Information:
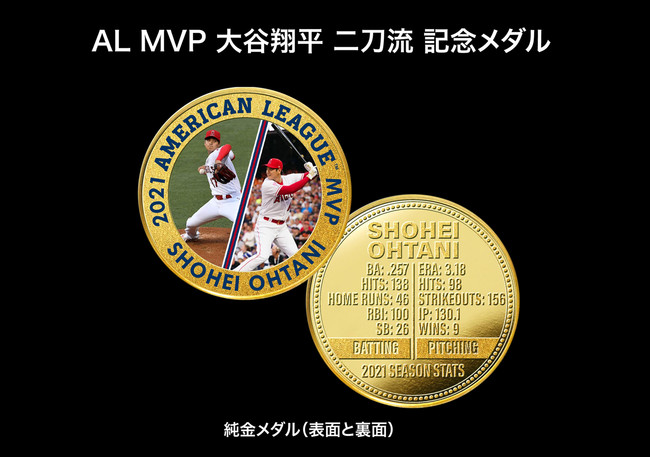 Ȋ̋ MVP@AL MVP Jĕ񓁗LO_ 2022N21i΁jSLSݓXAVЂȂǂŗ\̔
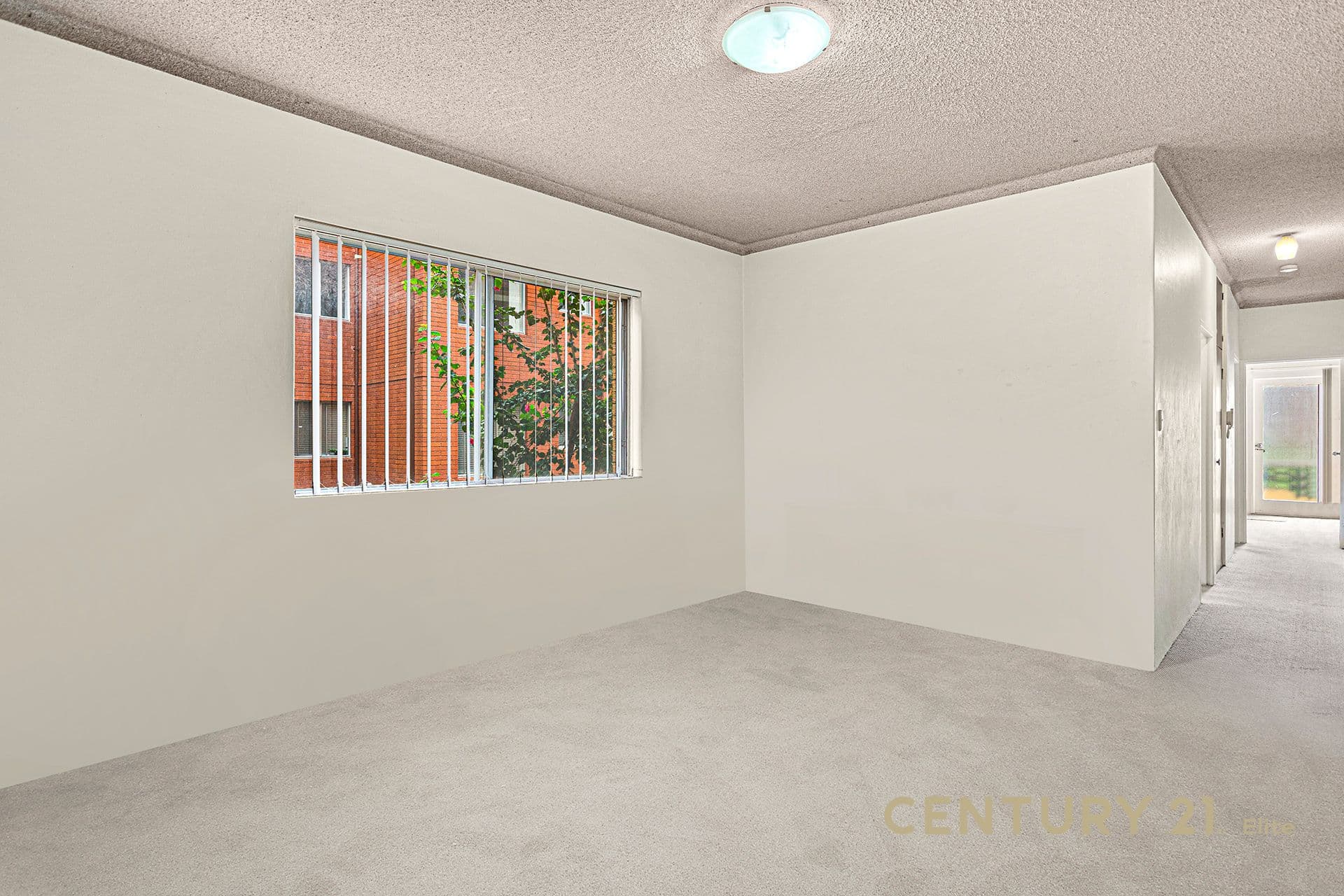 3/20 President Avenue, Kogarah, NSW, 2217, Kogarah - Thumbnail 2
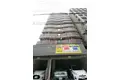 MARION KITAHORIE ANNEX
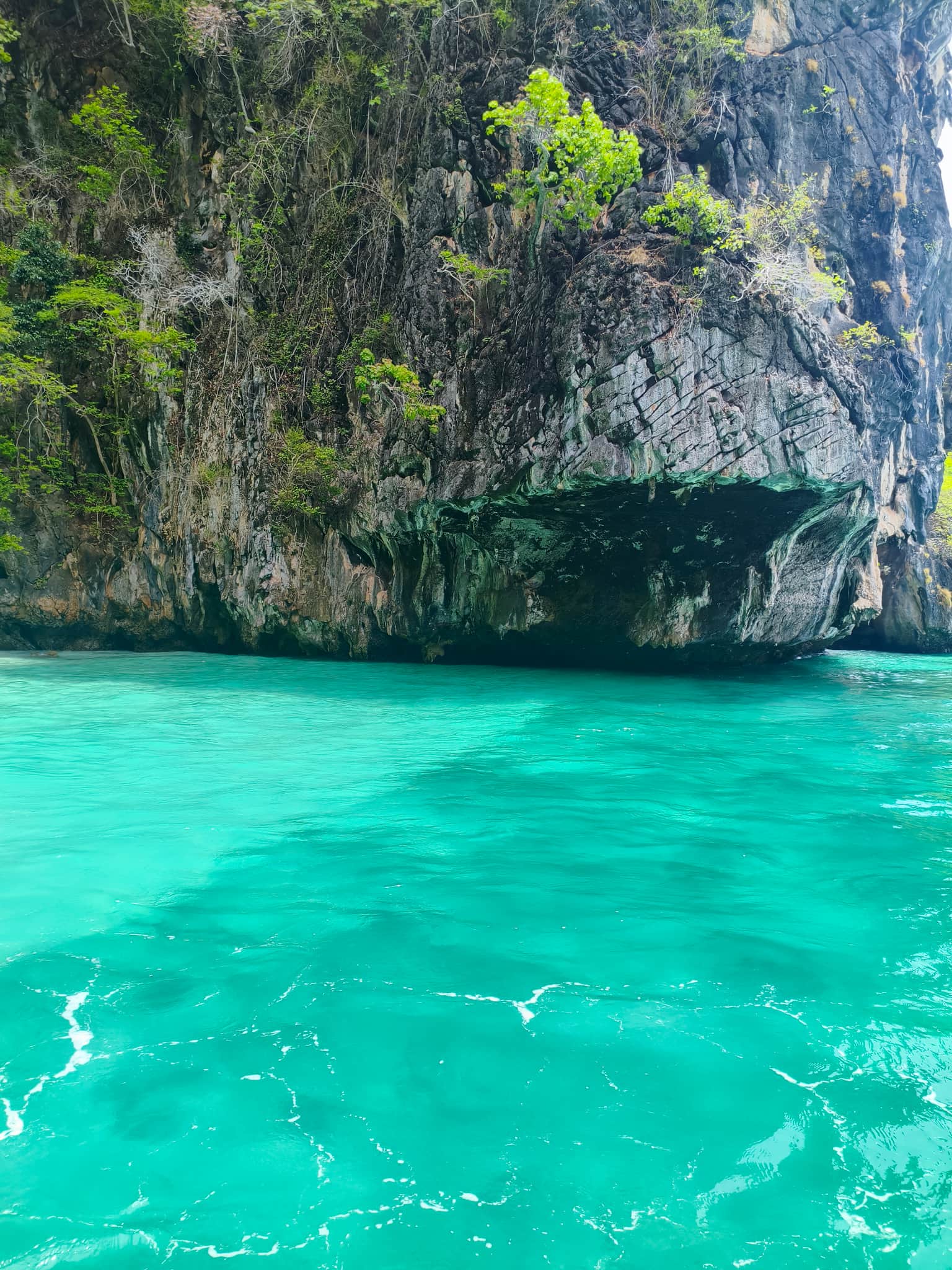 Photo from Sumitha Jayin's trip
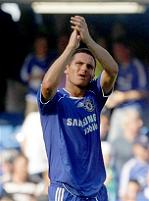 ����� �������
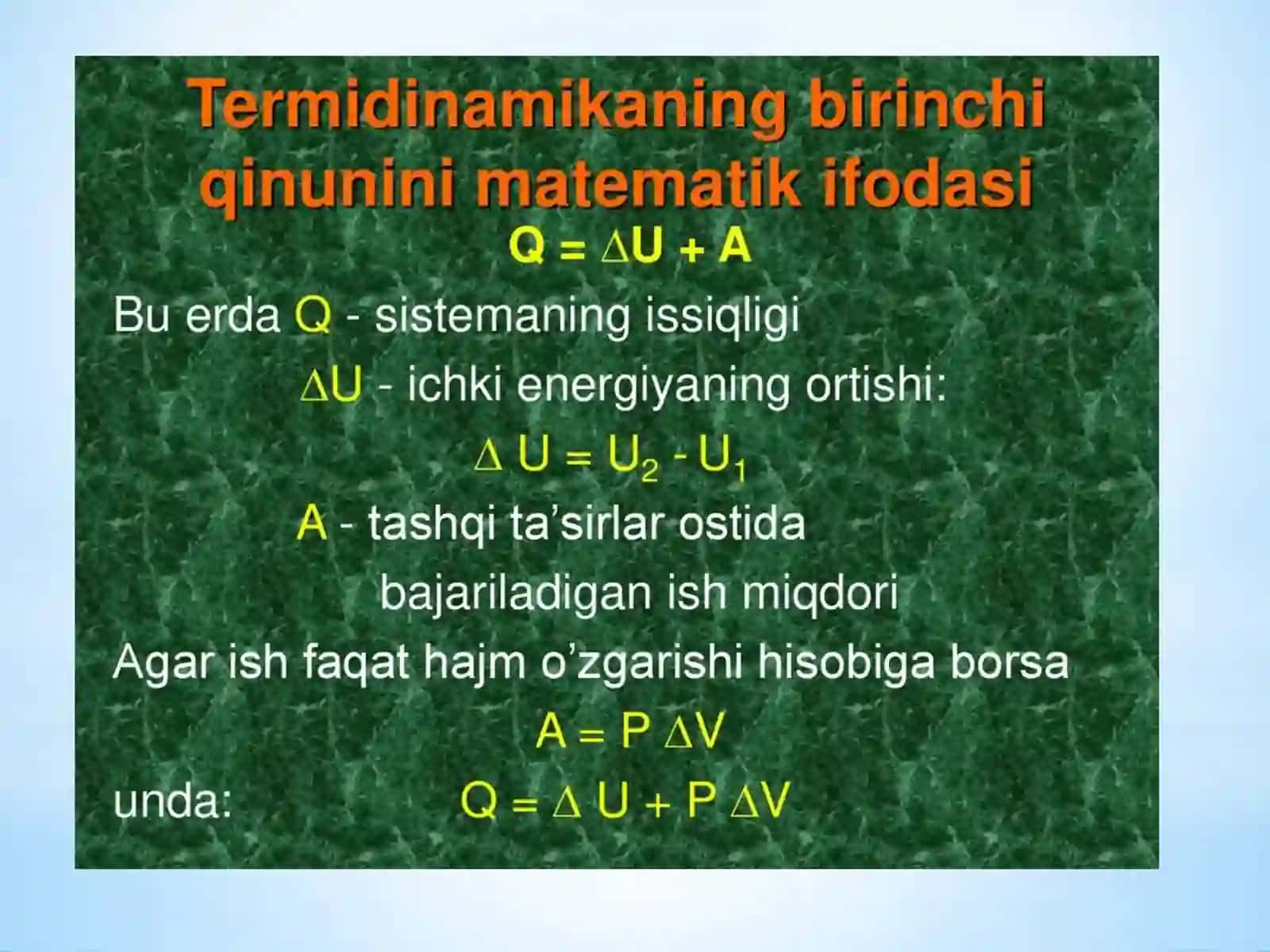 Fizikafanidanmustaqilishi 4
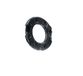 febi bilstein 30837 aanslagbuffer voor veerpootsteunlagers, 1 stuk | Compatibel met: MERCEDES-BENZ C-CLASS, C-CLASS Coupe, C-CLASS T-Model, CLC-CLASS, CLK, CLK Cabriolet
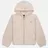 Kangol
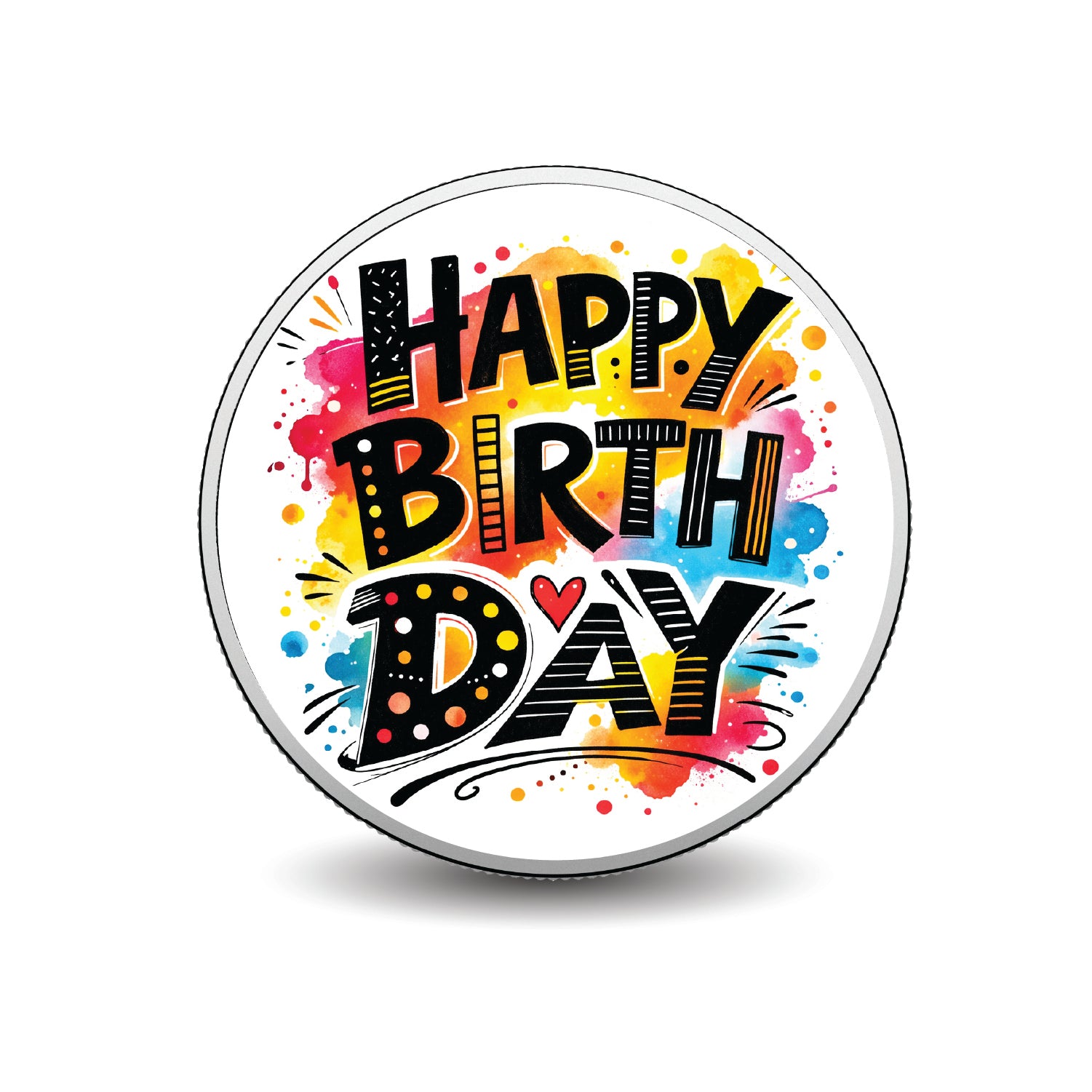 c9e0f6bda7157f7528cbe9503a5925f1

Aim of the exercise: Please reproduce the entries above exactly, omitting every picture.

Exercise result:
 Ȋ̋ MVP@AL MVP Jĕ񓁗LO_ 2022N21i΁jSLSݓXAVЂȂǂŗ\̔
 3/20 President Avenue, Kogarah, NSW, 2217, Kogarah - Thumbnail 2
 MARION KITAHORIE ANNEX
 Photo from Sumitha Jayin's trip
 ����� �������
 Fizikafanidanmustaqilishi 4
 febi bilstein 30837 aanslagbuffer voor veerpootsteunlagers, 1 stuk | Compatibel met: MERCEDES-BENZ C-CLASS, C-CLASS Coupe, C-CLASS T-Model, CLC-CLASS, CLK, CLK Cabriolet
 Kangol
 c9e0f6bda7157f7528cbe9503a5925f1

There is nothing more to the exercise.